Why does it seem like The European Union seems to be doing all it can to stifle technology at the moment? First they went after Google and brought in the farcical ‘right to be forgotten.’ They issued a record $1.1 billion fine against US chip maker Intel for anti-competitive practices. Now the EU is going after huge chip maker Qualcomm in an antitrust investigation.
In fact the complaint about the anti-competitive nature of Qualcomm is four years old, made by British cell phone chipmaker Icera back in 2010. Icera is now a subsidiary of Nvidia, but wasn’t at the time as incorrectly reported by some outlets. Nvidia didn’t acquire Icera until 2011 in a deal worth US $367 million in cash.

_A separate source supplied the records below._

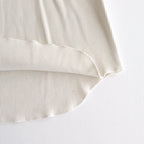 COTTON RIB TURTLENECK #IVORY WHITE [L2401-CS007]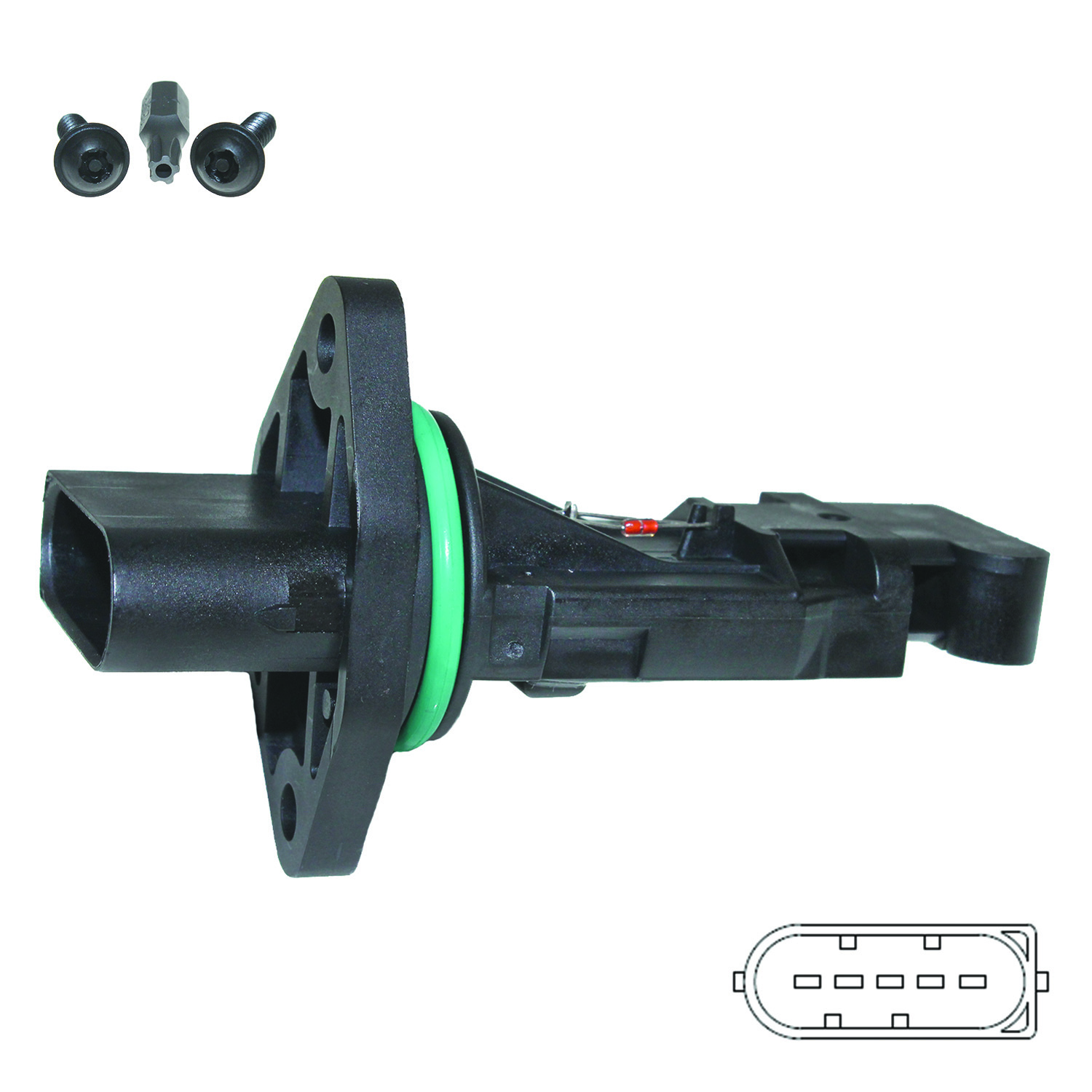 AM Mass Air Flow Sensor SKU WKP2451234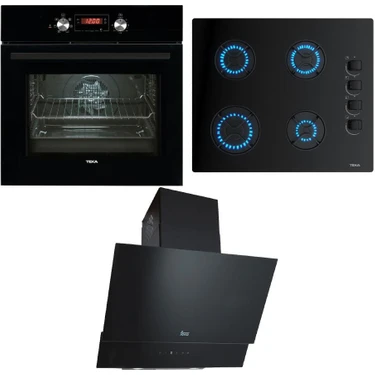 Teka Ankastre Set, Chef 5, Hak 625 Bk Ankastre Fırın, Gbe 64002 Kbc Bk E4 Ankastre Ocak, Atv 60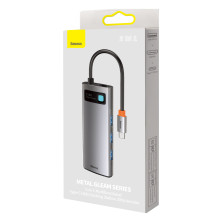 USB-хаб Baseus 5in1 Metal Gleam 5-Port Type-C HUB Adapter Type-C to USB3.0*3, Type-C*1, 4KHDMI Серый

Although not a household name, Icera is a direct competitor to Qualcomm producing model chipsets for a range of mobile devices. Icera is also a larger manufacturing partner for network branded USB mobile internet dongles. Icera also hold a number of patents relating to Adaptive Wireless chips.
During 2010 Qualcomm were already embroiled in an EU competition commission probe into the business practices of the chip maker. This probe was brought to court by the former telecom giant Ericsson and Qualcomm rival Texas Instruments. After four years of arguing and huge legal fees the case was eventually dropped.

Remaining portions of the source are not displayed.